Sunday, September 25, 2011

R.E.M.: A BRIEF STORY ABOUT BEING AND NOT BEING A FAN

Taking a break from grading for a moment--why do I always leave myself with the majority of papers to finish grading the day before I've said I'd give them back?--I thought I'd offer this short comment on R.E.M.'s breakup. I was at one point, from grade six through grade nine, a more intense fan of R.E.M. than of any other cultural force/object. I still have a poster of Michael Stipe in my bedroom back home. The "Daysleeper" single was the first CD I ever bought--I still think the version of "Sad Professor" on there trumps the version on Up.* Obviously, given the past tense above, I am no longer such a fan. I can trace the decline in my fanhood to two things, basically.

1. The internet: we got the internet at my house in grade eight. While this was initially a boon to my obsession--I could find out more information about the band, albeit on a painfully slow dial-up connection--it also made it possible for me to find out about all sorts of new and exciting music (although again, thanks to said dial-up connection, I could often only read about this music, not hear it). In grade nine, I had Napster, and I started listening to all sorts of stuff that made R.E.M. seem kind of tame and pedestrian.

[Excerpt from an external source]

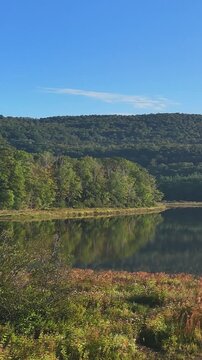 Scenic water drone view at Sherman Reservoir Boat Launch, Vermont, USA, with forested mountains, tree reflections and clear sky. Peaceful nature and boating recreation. 4K. Vertical.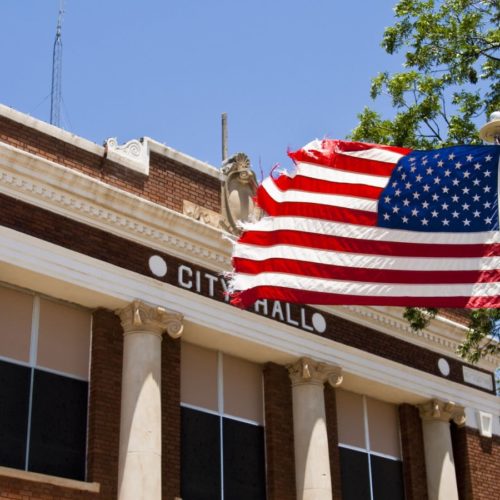 City Hall And American Flag Stock Photo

2.  Reveal: I've often found that discovering a band in the midst of the down time between albums can be trying--especially if it's a long wait until the next album. If it's an established band, by the time I've gone through the back catalogue, I have pretty set opinions about the band's sound. The new album can often be something of a let down, and this was especially devastating when I was young and had an astonishing amount of libidinal energy invested in bands. R.E.M. is the prototypical example. As Up was the second album I bought on CD (after Weezer's Blue Album, which, shockingly, was cheaper than the "Daysleeper" single), and as I considered it my favourite album and R.E.M.'s best, I was stunned to discover that I didn't particularly like Reveal. In the wake of some of the music I'd started listening to thanks to the internet (especially sites like Pitchfork and Allmusic), Reveal was boring. Its electronics were nowhere near as exciting as Kid A's, for example (say what you will about that album, but it was genuinely revolutionary for a kid in the suburbs whose only experience of electronic music was "Firestarter," Fatboy Slim's You've Come A Long Way, Baby, and the Chemical Brothers' Dig Your Own Hole).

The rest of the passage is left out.